■ **TASK INPUT**:
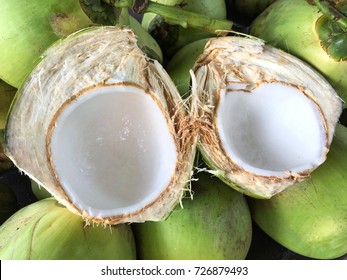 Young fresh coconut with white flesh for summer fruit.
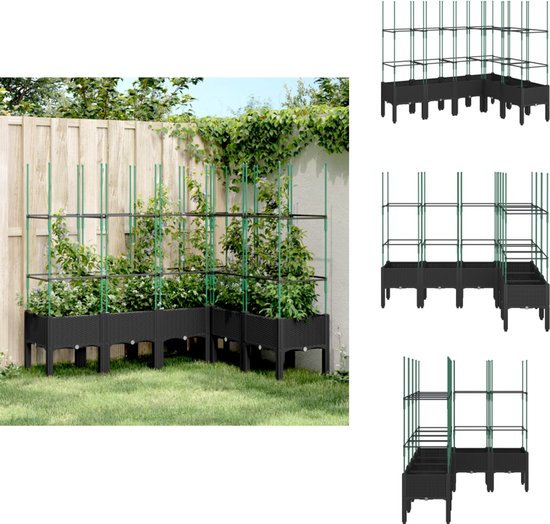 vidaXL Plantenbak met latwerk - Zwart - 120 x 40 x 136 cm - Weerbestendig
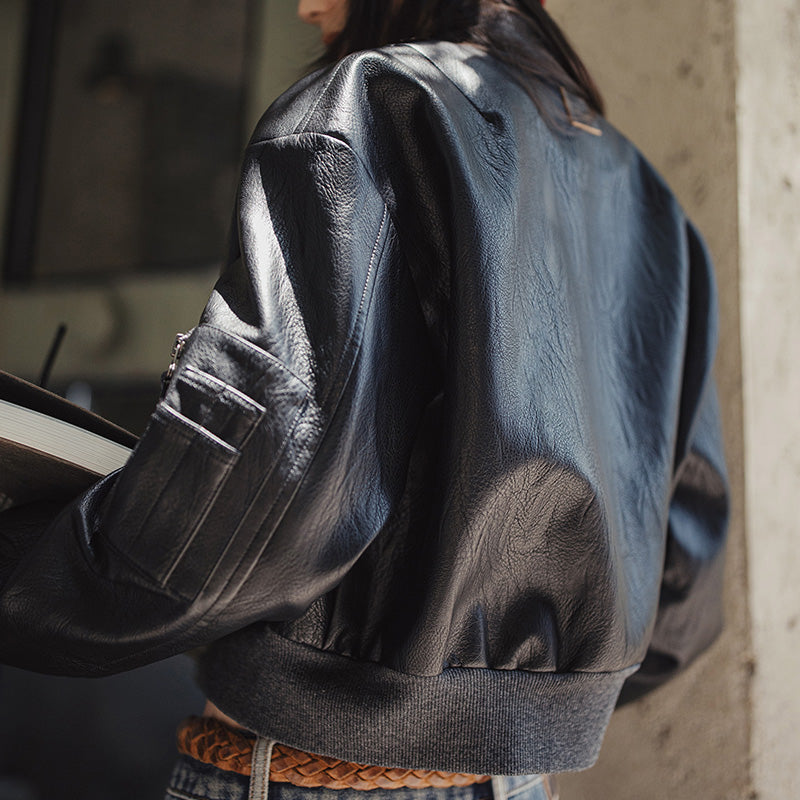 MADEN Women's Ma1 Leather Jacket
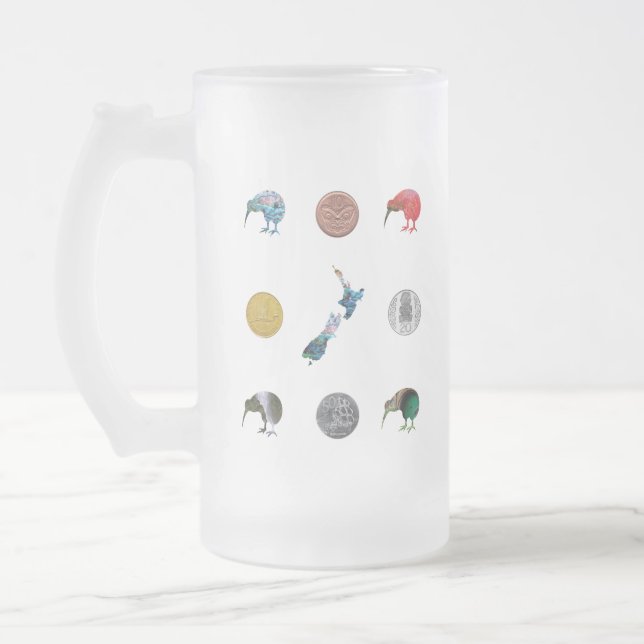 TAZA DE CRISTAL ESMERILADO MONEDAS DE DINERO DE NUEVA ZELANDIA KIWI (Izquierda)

* * *

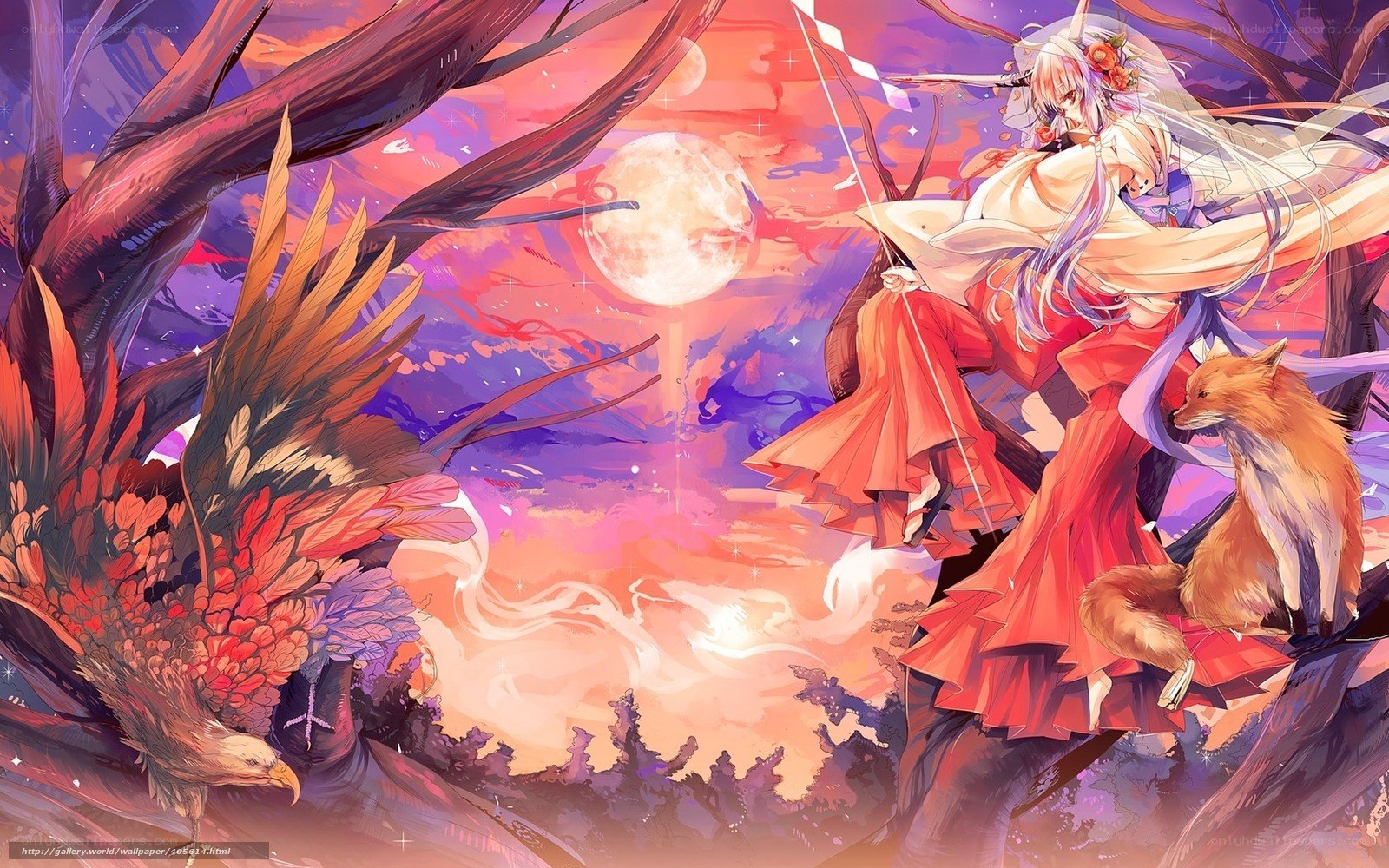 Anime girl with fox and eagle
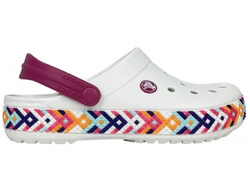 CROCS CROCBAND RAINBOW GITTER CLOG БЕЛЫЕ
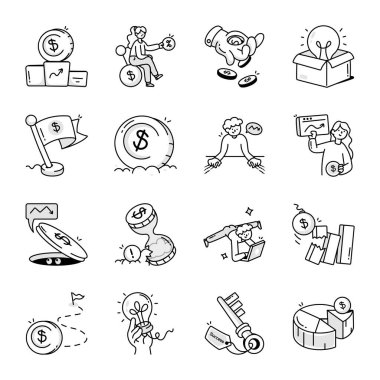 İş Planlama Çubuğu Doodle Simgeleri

■ **TASK INSTRUCTIONS**: Return only the part above that opens with the line containing "Young fresh coconut" and closes with the line containing "TAZA DE CRISTAL", exactly and with both ends, skipping the pictures.

■ **EXERCISE RESULT**:
 Young fresh coconut with white flesh for summer fruit.
 vidaXL Plantenbak met latwerk - Zwart - 120 x 40 x 136 cm - Weerbestendig
 MADEN Women's Ma1 Leather Jacket
 TAZA DE CRISTAL ESMERILADO MONEDAS DE DINERO DE NUEVA ZELANDIA KIWI (Izquierda)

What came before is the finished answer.